Each Christmas, I always hear disappointment about how our culture has taken “Christ” out of “Christmas.” People bemoan how the politically correct greeting “Happy Holidays!” has overshadowed shouting “Merry Christmas!” We no longer buy “Christmas trees,” but instead purchase “Holiday trees.” We send “Holiday cards” in place of “Christmas cards.” So we must reclaim Christ in Christmas, right?
Well, before we drag our family, friends, and neighbors to watch the movie Kirk Cameron’s Saving Christmas, I would like to propose another idea. Actually, it’s not my idea, but I like it.
Rodney Clapp, a Christian author and editor, says that we should “Let the pagans have the holiday.” He writes:
We have worried about Christmas too much. Christians in an indifferent and even hostile society need to learn cultural jujitsu–to sometimes let the culture push at points where it wants to, and there collapse of its own momentum. This is especially important in our cultural situation, where resistance is so easily itself turned into marketable commodity.
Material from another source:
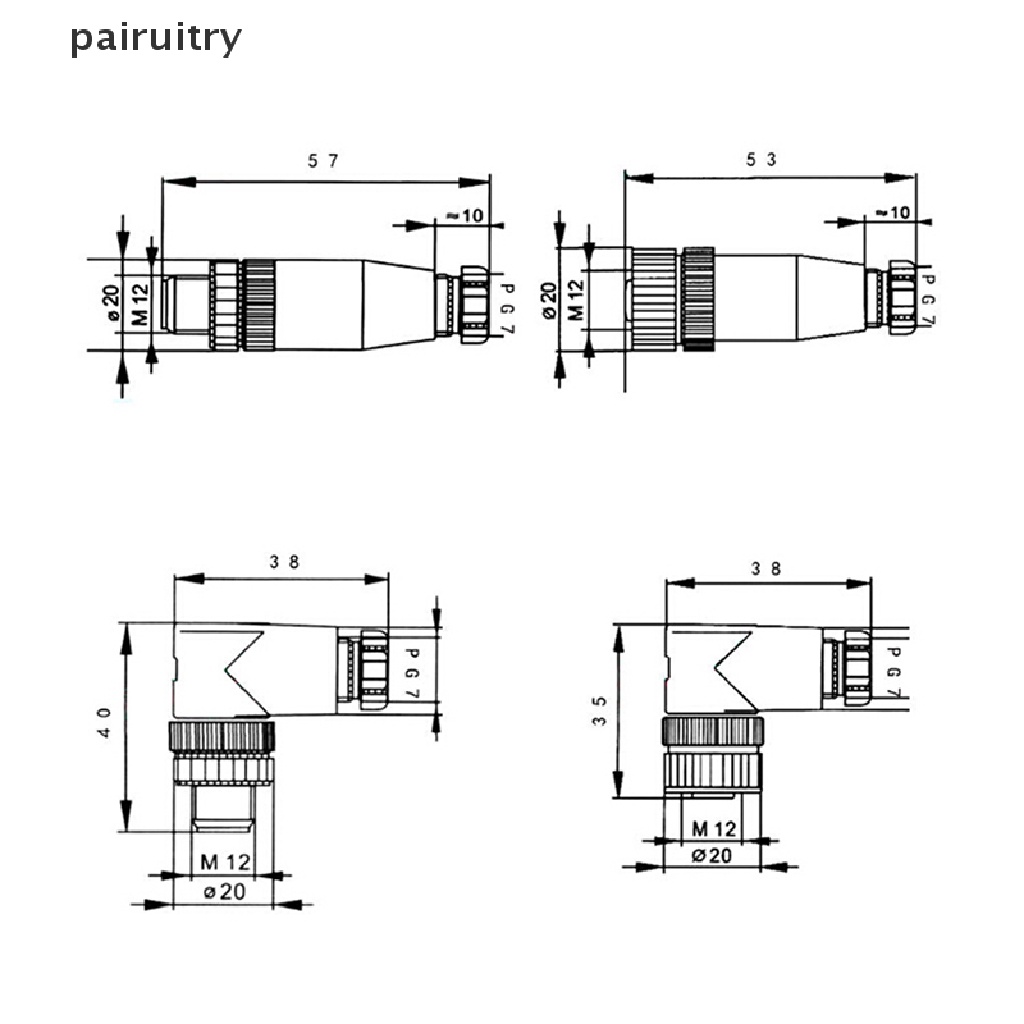 1pc Konektor sensor M12 3 / 4 / 5 pin male / female straight / right angle plug PRT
T-shirts and bumper stickers proclaiming “Jesus Is the Reason for the Season” make the message itself into a consumer item.
Clapp does not suggest that we as Christians stop celebrating Christmas. But he wants us to put Christmas in the proper perspective. For Clapp, it is Easter that should be returned to greater prominence within the Christian calendar. “The Christian calendar,” writes Clapp, “like the gospel narrative, builds toward and pivots around the focal events of Christ’s passion and Easter. Recognizing the liturgical year is a large step toward seeing Easter as the main Christian holiday.”
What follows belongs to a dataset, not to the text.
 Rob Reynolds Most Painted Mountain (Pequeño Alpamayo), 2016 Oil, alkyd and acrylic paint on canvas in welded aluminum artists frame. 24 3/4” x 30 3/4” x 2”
It is Easter, the cross and resurrection, in which we see ourselves in need of salvation. Though spreading Christmas cheer is a wonderful thing, speaking of the crucified Messiah is another thing altogether. The cross speaks of our need to be rescued and the lengths to which God goes to do so. Our salvation, no doubt, involves the Christmas story. However, we must take heed lest we, though worrying about our culture taking Christ out of Christmas, place the cross on the periphery of the gospel story.
If we are really worried about Christ being taken out of Christmas, the we do well to place Easter at it’s proper locale within the Christian holidays. “It is only as we reclaim Easter”, suggests Clapp, “that Christians may best reclaim Christmas.” Therefore, “let the pagans have Christmas as their most significant holiday. Easter is the central Christian holiday. And when we are known for our Easter, then we will have our Christmas back.”
Sounds like a good idea to me! Have a Merry Christmas and a Happy Easter!